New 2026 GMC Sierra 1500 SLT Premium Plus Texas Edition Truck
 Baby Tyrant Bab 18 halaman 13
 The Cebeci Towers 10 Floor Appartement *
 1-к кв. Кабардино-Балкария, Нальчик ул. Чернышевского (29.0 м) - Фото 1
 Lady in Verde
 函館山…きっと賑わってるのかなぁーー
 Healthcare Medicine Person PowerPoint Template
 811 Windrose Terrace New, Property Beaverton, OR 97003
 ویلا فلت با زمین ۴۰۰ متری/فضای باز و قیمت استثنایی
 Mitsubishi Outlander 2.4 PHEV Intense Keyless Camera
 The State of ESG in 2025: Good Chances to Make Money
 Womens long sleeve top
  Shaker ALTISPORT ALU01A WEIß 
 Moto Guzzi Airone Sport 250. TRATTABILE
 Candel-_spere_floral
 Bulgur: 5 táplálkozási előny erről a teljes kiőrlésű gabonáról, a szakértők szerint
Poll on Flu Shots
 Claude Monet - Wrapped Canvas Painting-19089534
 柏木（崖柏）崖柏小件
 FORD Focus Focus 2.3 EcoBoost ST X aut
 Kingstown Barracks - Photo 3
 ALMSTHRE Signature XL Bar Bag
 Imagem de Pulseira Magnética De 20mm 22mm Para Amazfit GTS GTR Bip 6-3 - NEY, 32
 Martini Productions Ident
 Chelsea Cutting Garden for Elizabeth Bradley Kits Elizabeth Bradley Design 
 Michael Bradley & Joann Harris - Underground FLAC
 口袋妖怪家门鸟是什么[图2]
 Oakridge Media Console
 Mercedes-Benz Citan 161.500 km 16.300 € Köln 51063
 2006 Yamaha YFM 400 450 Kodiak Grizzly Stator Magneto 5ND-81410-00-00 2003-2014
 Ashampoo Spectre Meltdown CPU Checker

* * * * * * * * *

* **Exercise prompt**
All lines above from the line with "Kingstown Barracks - Photo 3" through the line with "Mercedes-Benz Citan 161.500", both included, are to be set down exactly, with nothing else.

* **Written answer**
 Kingstown Barracks - Photo 3
 ALMSTHRE Signature XL Bar Bag
 Imagem de Pulseira Magnética De 20mm 22mm Para Amazfit GTS GTR Bip 6-3 - NEY, 32
 Martini Productions Ident
 Chelsea Cutting Garden for Elizabeth Bradley Kits Elizabeth Bradley Design 
 Michael Bradley & Joann Harris - Underground FLAC
 口袋妖怪家门鸟是什么[图2]
 Oakridge Media Console
 Mercedes-Benz Citan 161.500 km 16.300 € Köln 51063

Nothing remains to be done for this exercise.